┌──
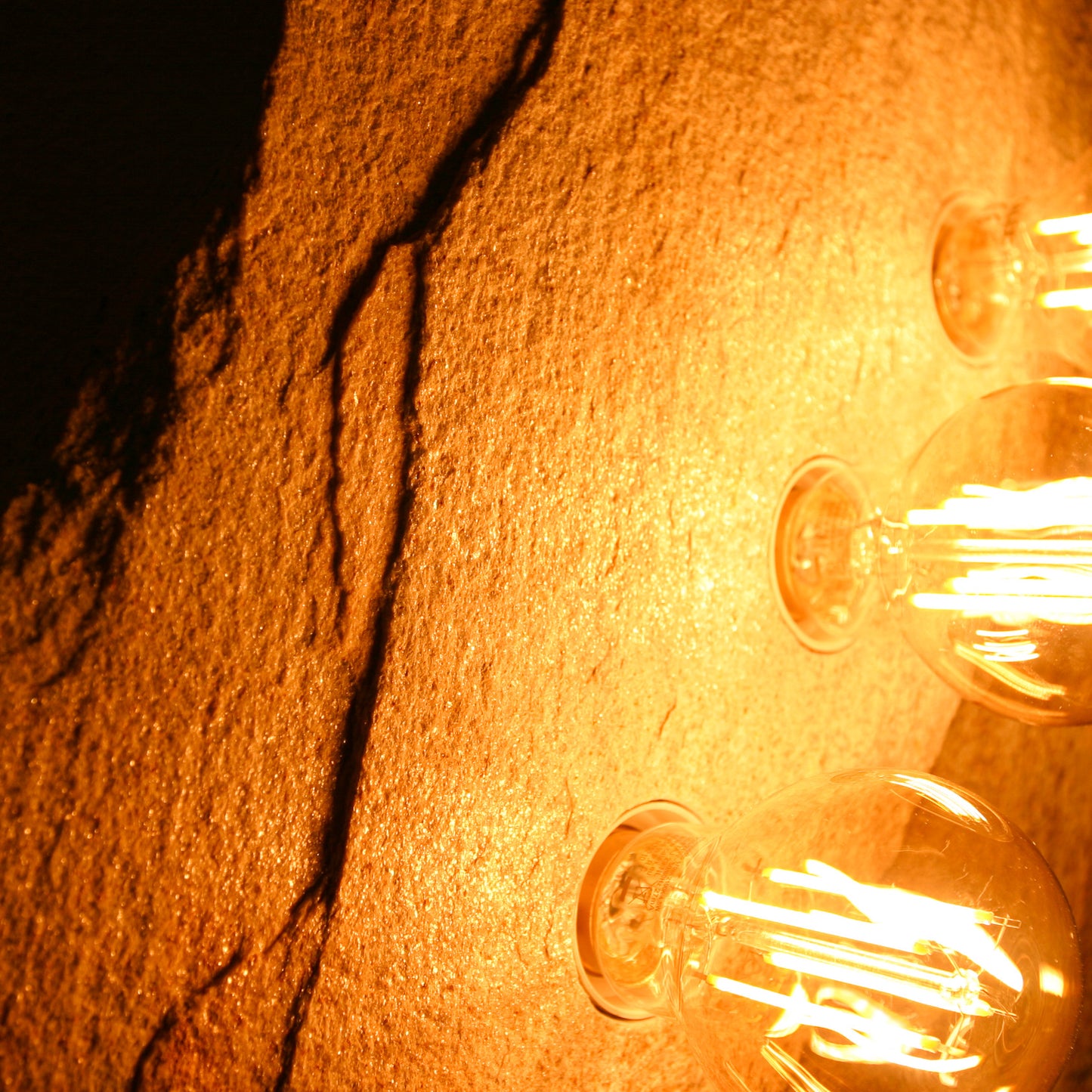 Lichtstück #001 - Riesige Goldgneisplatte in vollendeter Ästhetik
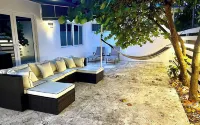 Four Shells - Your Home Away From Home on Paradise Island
└──
┌──
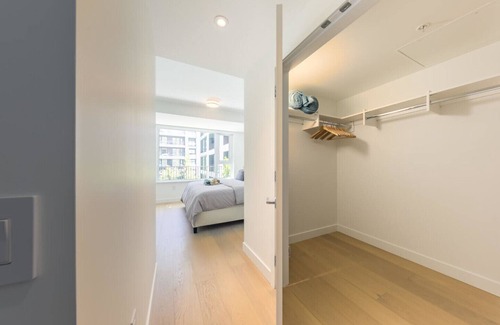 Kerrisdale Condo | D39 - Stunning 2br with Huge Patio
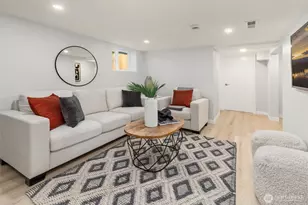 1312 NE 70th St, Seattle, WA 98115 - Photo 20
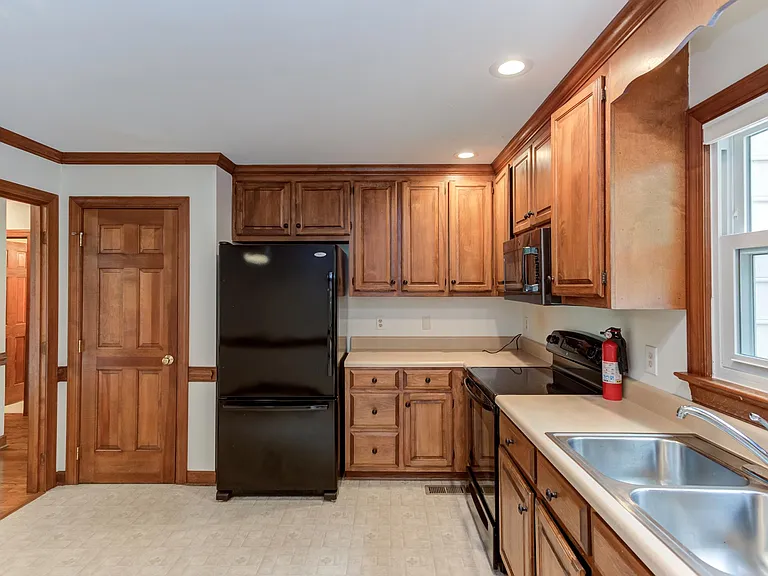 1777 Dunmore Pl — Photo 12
└──
┌──
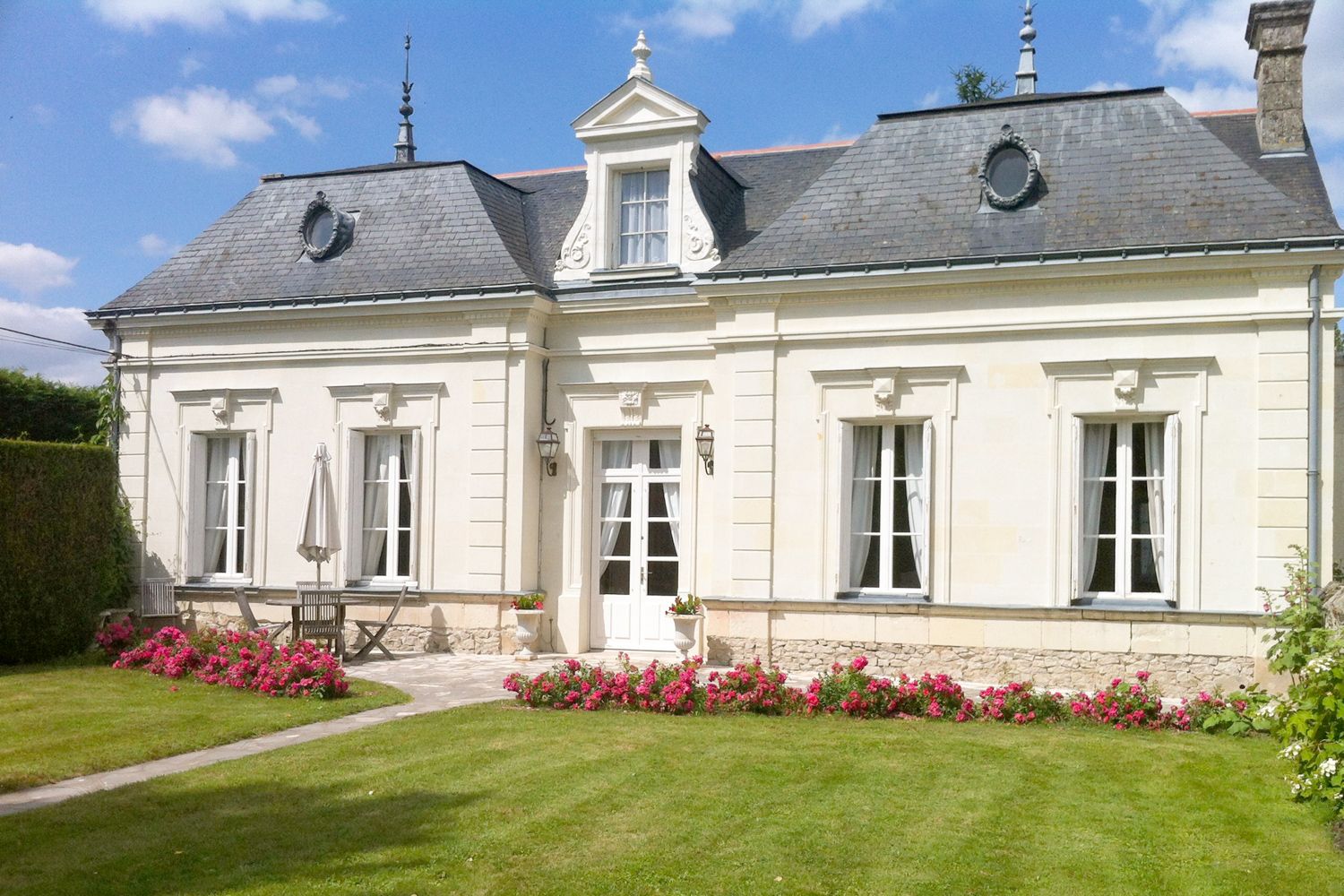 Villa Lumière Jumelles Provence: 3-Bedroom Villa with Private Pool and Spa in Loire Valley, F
└──
■ What this task involves
Set down again, word for word, every line from the one with "Lichtstück #001 - Riesige" to the one with "Four Shells - Your" in the entries above, and omit the pictures.

■ Answer section
 Lichtstück #001 - Riesige Goldgneisplatte in vollendeter Ästhetik
 Four Shells - Your Home Away From Home on Paradise Island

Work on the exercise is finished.